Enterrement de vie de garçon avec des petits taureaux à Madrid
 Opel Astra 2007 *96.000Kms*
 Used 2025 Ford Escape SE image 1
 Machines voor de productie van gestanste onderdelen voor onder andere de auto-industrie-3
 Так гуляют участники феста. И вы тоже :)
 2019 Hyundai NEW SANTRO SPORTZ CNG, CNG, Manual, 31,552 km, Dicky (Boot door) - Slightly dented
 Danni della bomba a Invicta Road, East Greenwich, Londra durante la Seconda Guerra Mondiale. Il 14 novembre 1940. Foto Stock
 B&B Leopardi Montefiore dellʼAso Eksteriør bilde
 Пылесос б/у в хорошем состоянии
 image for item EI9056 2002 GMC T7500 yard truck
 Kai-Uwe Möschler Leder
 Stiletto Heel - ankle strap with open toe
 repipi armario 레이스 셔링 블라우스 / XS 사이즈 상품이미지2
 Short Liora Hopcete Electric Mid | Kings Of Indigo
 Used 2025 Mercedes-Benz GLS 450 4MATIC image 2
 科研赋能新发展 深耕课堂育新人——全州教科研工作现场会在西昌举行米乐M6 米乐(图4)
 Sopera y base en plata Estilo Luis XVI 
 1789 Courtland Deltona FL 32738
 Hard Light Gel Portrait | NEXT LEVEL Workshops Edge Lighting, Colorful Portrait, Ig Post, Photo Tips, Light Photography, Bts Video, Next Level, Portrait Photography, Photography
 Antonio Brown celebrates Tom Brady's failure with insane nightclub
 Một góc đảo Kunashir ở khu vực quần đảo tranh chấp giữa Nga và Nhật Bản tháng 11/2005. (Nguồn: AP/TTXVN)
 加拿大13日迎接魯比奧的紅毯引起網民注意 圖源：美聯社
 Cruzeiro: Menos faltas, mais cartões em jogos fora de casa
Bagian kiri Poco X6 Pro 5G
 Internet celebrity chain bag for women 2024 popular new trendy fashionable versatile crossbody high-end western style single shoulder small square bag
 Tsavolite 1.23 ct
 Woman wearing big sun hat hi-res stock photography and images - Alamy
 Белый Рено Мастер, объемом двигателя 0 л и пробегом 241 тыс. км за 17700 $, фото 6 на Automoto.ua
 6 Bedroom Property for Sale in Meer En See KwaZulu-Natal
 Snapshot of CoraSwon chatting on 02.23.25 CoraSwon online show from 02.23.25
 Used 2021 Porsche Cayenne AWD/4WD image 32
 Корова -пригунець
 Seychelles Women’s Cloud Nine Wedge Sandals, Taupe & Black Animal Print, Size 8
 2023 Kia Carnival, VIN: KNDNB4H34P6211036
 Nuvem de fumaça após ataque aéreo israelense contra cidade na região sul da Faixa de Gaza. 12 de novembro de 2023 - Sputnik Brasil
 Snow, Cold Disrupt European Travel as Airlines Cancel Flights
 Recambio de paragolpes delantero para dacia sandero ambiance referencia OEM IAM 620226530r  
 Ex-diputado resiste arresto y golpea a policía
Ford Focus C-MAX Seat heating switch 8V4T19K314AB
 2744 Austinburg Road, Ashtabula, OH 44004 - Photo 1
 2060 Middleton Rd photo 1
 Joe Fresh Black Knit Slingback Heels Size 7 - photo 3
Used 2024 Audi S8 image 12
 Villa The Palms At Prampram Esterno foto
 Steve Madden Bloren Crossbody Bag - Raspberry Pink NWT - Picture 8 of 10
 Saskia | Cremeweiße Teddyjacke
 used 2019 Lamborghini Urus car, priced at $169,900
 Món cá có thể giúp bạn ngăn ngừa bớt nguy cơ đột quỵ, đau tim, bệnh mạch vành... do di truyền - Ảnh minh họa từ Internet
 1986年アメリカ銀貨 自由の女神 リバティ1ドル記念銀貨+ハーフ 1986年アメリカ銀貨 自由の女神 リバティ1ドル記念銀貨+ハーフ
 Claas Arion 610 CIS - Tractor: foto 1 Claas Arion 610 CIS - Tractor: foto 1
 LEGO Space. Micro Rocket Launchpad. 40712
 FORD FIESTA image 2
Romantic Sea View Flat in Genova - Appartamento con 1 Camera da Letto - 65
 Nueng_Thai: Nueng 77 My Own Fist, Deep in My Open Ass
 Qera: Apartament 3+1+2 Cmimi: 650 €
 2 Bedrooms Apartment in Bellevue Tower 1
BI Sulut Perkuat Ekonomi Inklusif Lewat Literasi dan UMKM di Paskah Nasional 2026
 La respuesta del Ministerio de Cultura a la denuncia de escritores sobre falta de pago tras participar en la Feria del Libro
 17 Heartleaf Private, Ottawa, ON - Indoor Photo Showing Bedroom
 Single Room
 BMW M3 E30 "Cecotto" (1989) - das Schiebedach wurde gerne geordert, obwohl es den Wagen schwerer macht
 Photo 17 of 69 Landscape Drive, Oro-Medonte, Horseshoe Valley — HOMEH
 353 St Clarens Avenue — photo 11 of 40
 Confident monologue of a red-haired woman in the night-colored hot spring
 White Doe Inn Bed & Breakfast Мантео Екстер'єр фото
------------
» What you need to do: Please copy, exactly and with nothing else, the lines above beginning at the line that has "Opel Astra 2007 *96.000Kms*" and ending with the line that has "Так гуляют участники феста. И вы тоже :)".

» Solved problem:
 Opel Astra 2007 *96.000Kms*
 Used 2025 Ford Escape SE image 1
 Machines voor de productie van gestanste onderdelen voor onder andere de auto-industrie-3
 Так гуляют участники феста. И вы тоже :)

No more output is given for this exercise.